Metadb
Note: This WOLFcon 2024 presentation gives an overview of the Metadb platform.
In order for the Metadb software to connect to FOLIO, it needs a Kafka data source streaming the changes made in the FOLIO database. The Metadb reporting database can be hosted and administered locally by an institution’s own staff or can be contracted out to a third party hosting service. You can find specific system requirements in the Metadb documentation.
Installing and configuring the Metadb software*
There are three main software components to install for your Metadb implementation: Metadb, marct, and Folio Analytics. In general, install the latest production release for the Metadb and marct software components, which do not have a dependency on FOLIO (flower) software release versions. For FOLIO Analytics, see https://github.com/folio-org/folio-analytics/blob/main/README.md.
Documentation
For detailed information about how to set up and configure the Metadb software, please review this link to access individual links to guides in the Metadb repository. There you also will find the latest versions and fixes of the Metadb software.
Setting up derived tables
To let report users take full advantage of the community-developed report queries as well as having a good starting point for ad hoc querying, it is strongly recommended to set up a nightly update on derived tables.

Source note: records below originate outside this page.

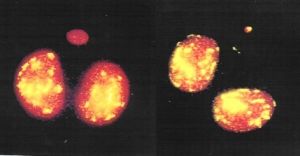 Mikrojádra, obsahující pouze fragment chromozomu (neoznačené, nalevo)  nebo cely chromozom (označené protilátkami specifickými pro centromery, napravo)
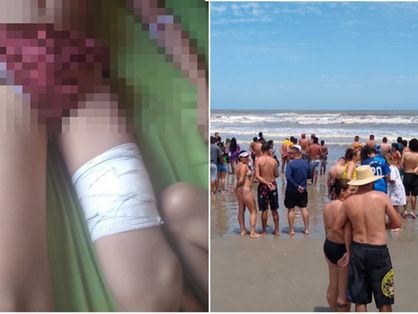 Montagem com praia cheia de pessoas ao redor do garoto após o acidente da perna dele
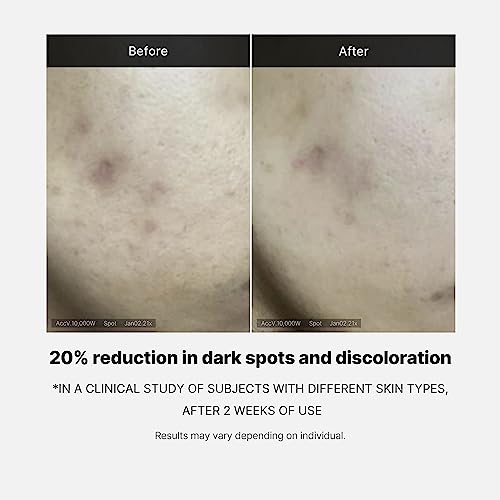 Medicube Deep Vita C Serum 2.0 - 14.5% Pure Vitamin C for Hyperpigmentation & Dark Spots - Korean Skincare (3 x 10g)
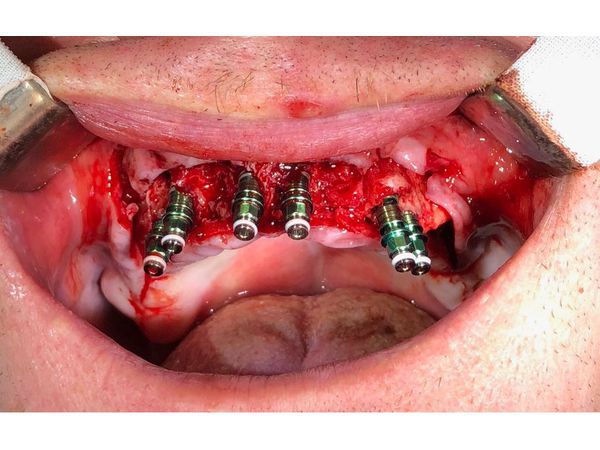 Установка имплантатов на верхней челюсти (через 7 дней после удаления зубов)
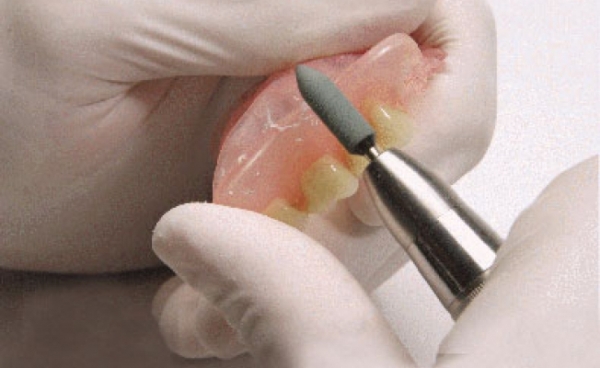 Зубные протезы полиуретановые цена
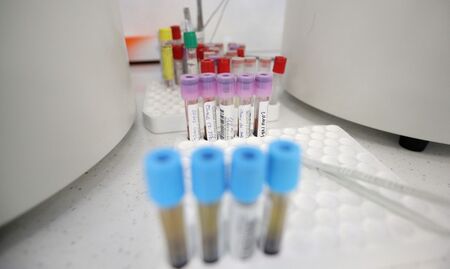 Румъния отчете рекорден брой заразени с коронавирус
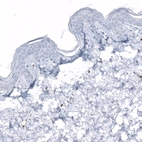 Immunohistochemical staining of human skin shows no positivity in keratinocytes as expected.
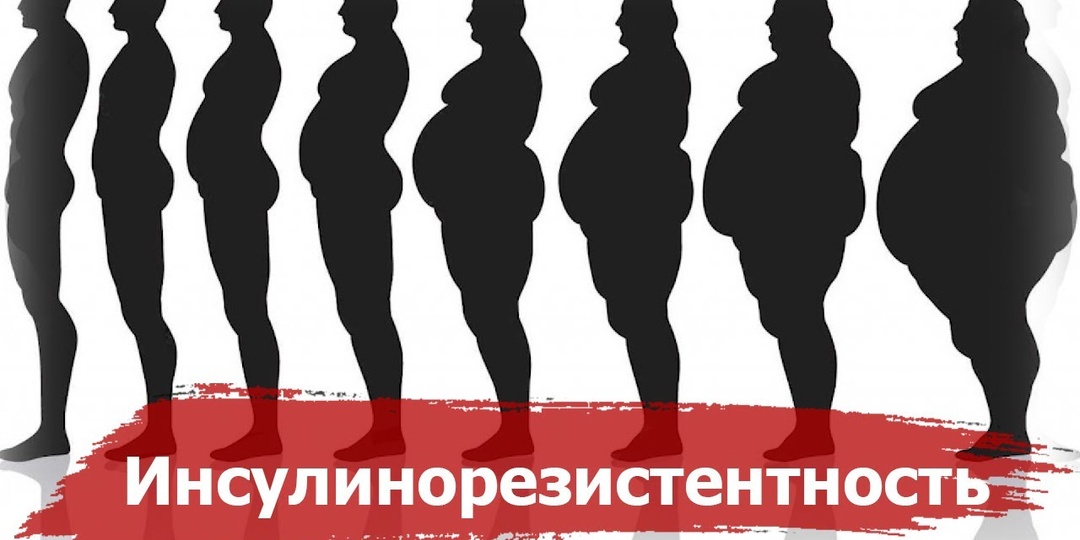Инсулинорезистентность: что это такое и почему об этом стоит знать каждому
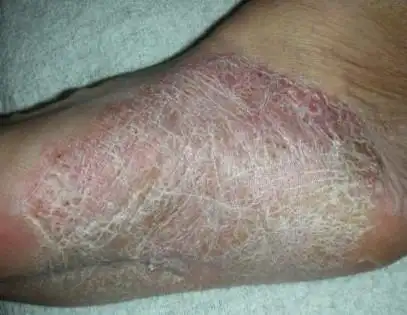 真菌性皮炎怎么引起,自从用了这个方法,三生三世都不会再长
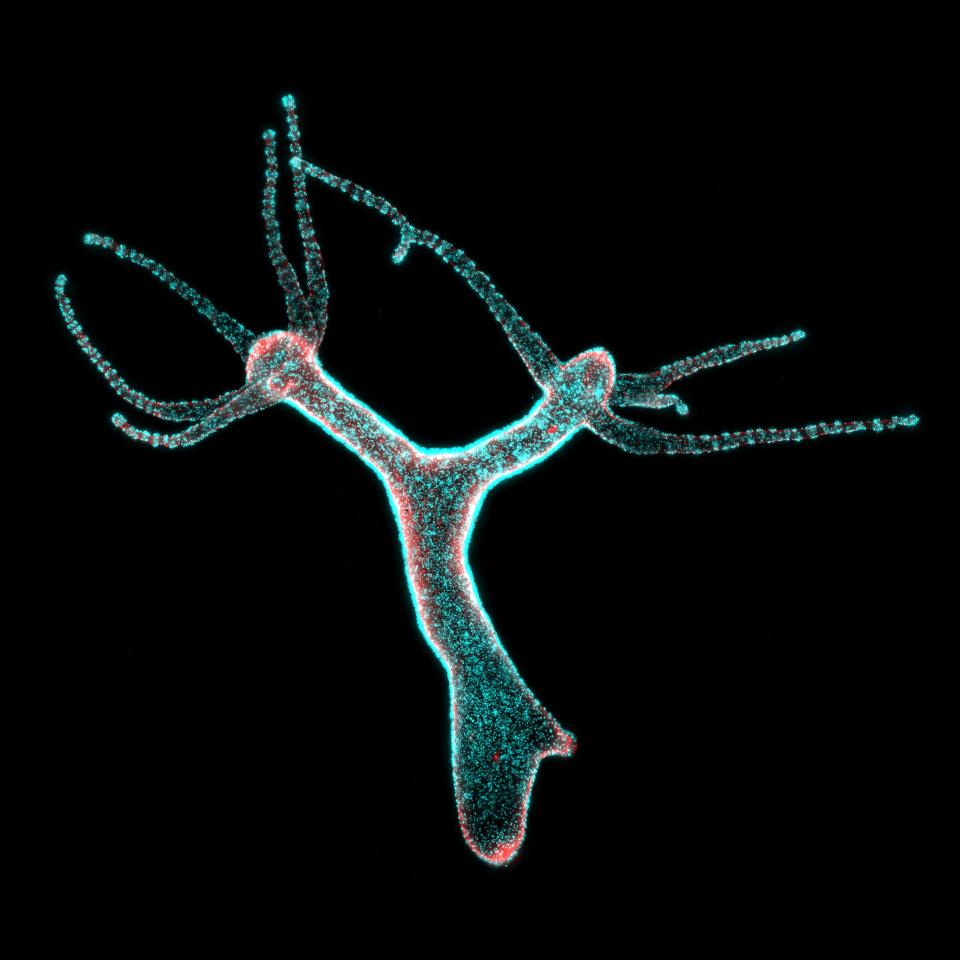 Freshwater hydra that have regenerated from single cells. Image was taken during the "Embryology Concepts & Techniques in Modern Developmental Biology" course at the Marine Biological Laboratory in Woods Hole, MA.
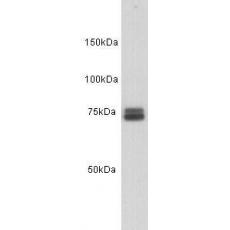 Anti-Transferrin antibody [D7-D11]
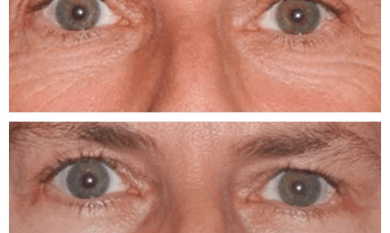 Eye Bag Removal in Dubai
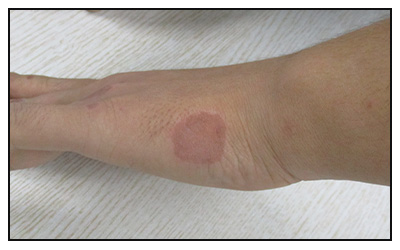 照完308后皮肤红一个月了是什么原因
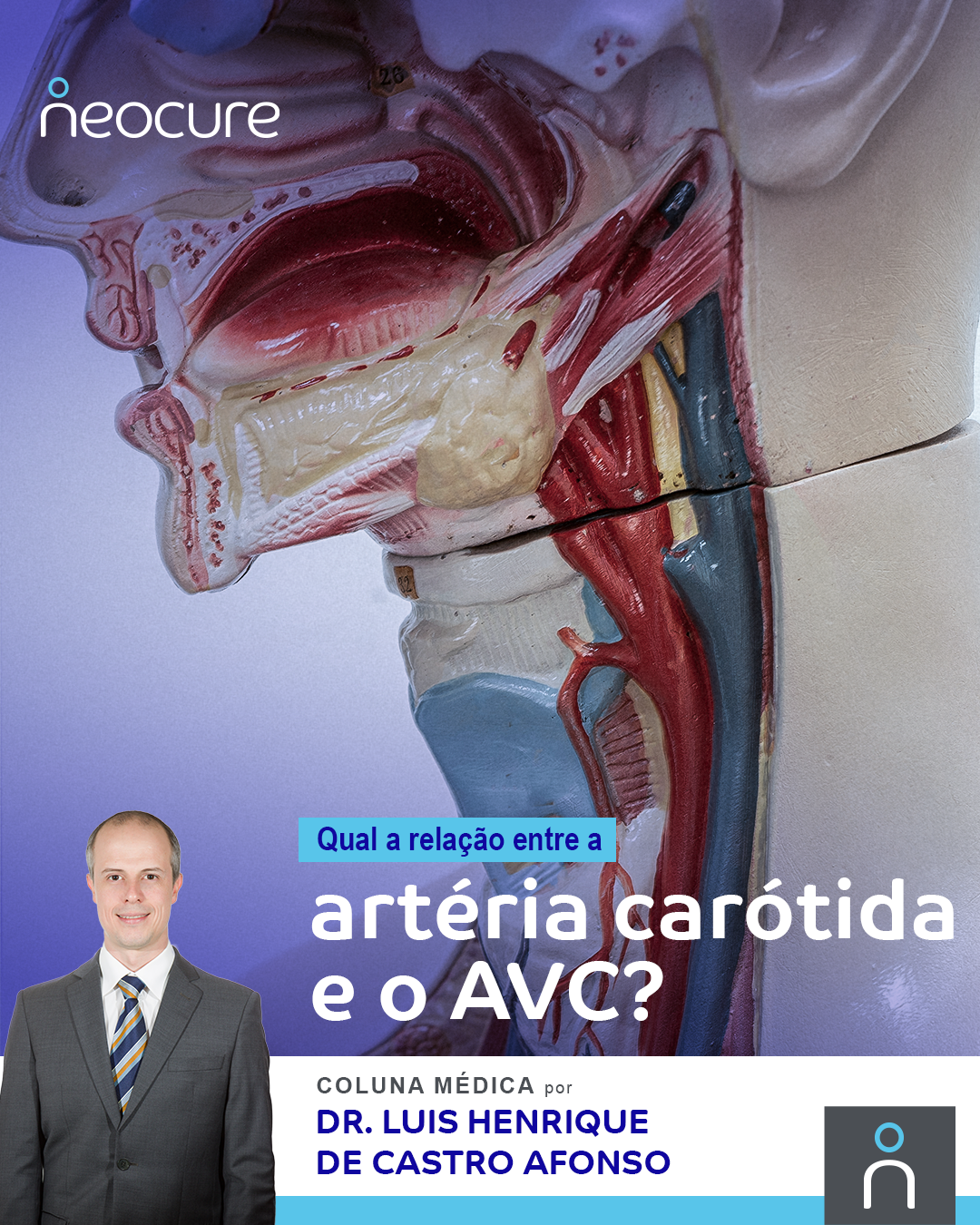 Qual a Relação entre a Artéria Carótida e o AVC?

**Note**: Use of *views* and *materialized views* is not supported in Metadb databases and may cause the software to be unable to perform data updates.You can find instructions in Github on how to set up FOLIO Reporting Derived Tables.
Data privacy
The Metadb software is designed to support GDPR and other data privacy requirements. Administrators can exclude a predefined set of tables.
See the Anonymization Guide for information on how to activate and configure these features.
The pages linked below list attributes that contain potential personal data:
- Users module: tables that will not loaded in Metadb software when anonymization is turned on
- Organizations module: potential personal data in organizations module
Adding local data
As documented in the user guide, it is also possible to load and create local data into your Metadb reporting database.
Using schemas
The concept of schemas allows you to organize tables and permissions within one database. In Metadb, we have separate schemas for each FOLIO application area:
- public: contains all extracted tables and its current data from the bound FOLIO tenant
- history: stores data that have been updated in the past or may no longer exist
- folio_reporting: contains all derived tables created and supported by the community
- local: common area for report users to create or import own data
Besides using the local schema, you might consider setting up separate schemas for different report user groups or purposes. You are free to create more schemas for your local needs (e.g., to provide data for different departments or to separate and protect sensitive data).
Learn more about the schema concept and how to configure schemas using Postgres’s Schema Documentation.
For a granular setup of permissions, see also the built-in Roles and Privileges concepts of Postgres.
Moving and loading data
Loading and moving data into a Metadb reporting database is as simple as it is for databases in general.
For Postgres there are two common approaches:
- COPY: SQL command for moving table data via csv files
- pg_dump / pg_restore: Postgres command line tools for importing and exporting data
Installing and configuring the Metadb software
For installing and configuring Metadb follow the Metadb Documentation at the Library Data Platform - resources site.